Henry Ford (July 30, 1863 – April 7, 1947) was a prominent American industrialist, the founder of the Ford Motor Company, and sponsor of the development of the assembly line technique of mass production. His introduction of the Model T automobile revolutionized transportation and American industry. As owner of the Ford Motor Company, he became one of the richest and best-known people in the world. He is credited with "Fordism": mass production of inexpensive goods coupled with high wages for workers. Ford had a global vision, with consumerism as the key to peace. His intense commitment to systematically lowering costs resulted in many technical and business innovations, including a franchise system that put dealerships throughout most of North America and in major cities on six continents. Ford left most of his vast wealth to the Ford Foundation but arranged for his family to control the company permanently.
He was known worldwide especially in the 1920s for a system of Fordism that seemed to promise modernity, high wages and cheap consumer goods, but his antisemitism in the 1920s has been a source of controversy.

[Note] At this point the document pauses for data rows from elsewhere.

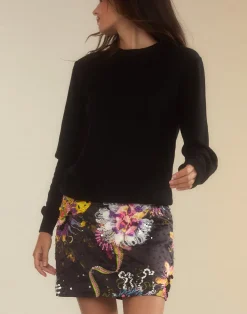 Cynthia Rowley Kaia Skirt BLKFL Clearance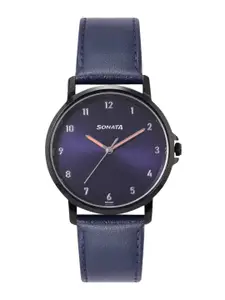 Sonata Men Leather Analogue Watch 77083NL01-Blue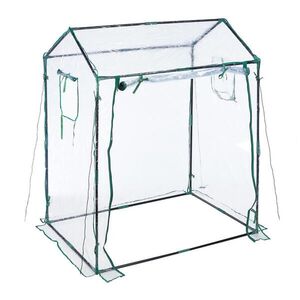Relaxdays SKLENÍK Transparentný tmavozelený fóliový PVC 152x132x92 cm vyobraziť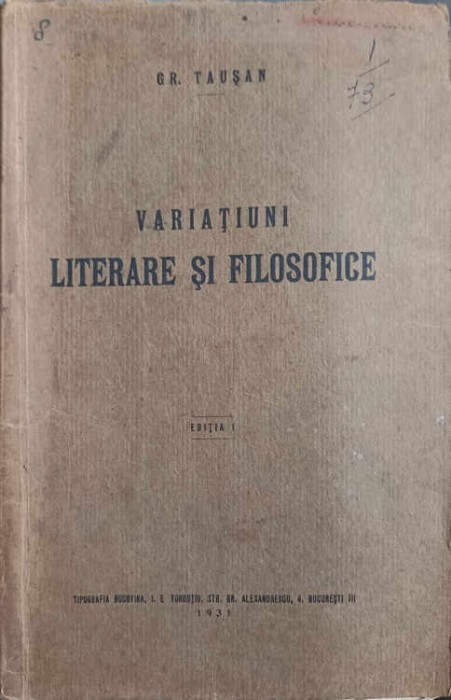 VARIATIUNI LITERARE SI FILOSOFICE-GR. TAUSAN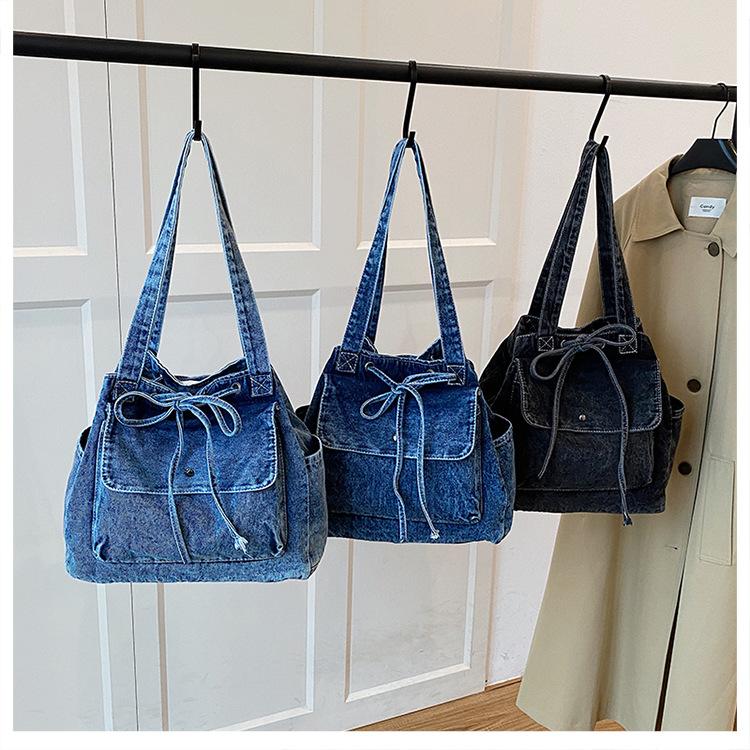 Simple and Exclusive Denim Handbag for Women, Retro Underarm Bag, High-end Lightweight Crossbody Tote Bag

Ford was born July 30, 1863, on a farm in Greenfield Township (near Detroit, Michigan). His father, William Ford (1826–1905), was born in County Cork, Ireland, of a family originally from western England, who were among migrants to Ireland as the English created plantations. His mother, Mary Litogot Ford (1839–1876), was born in Michigan; she was the youngest child of Belgian immigrants; her parents died when Mary was a child and she was adopted by neighbors, the O'Herns. Henry Ford's siblings include Margaret Ford (1867–1938); Jane Ford (c. 1868–1945); William Ford (1871–1917) and Robert Ford (1873–1934).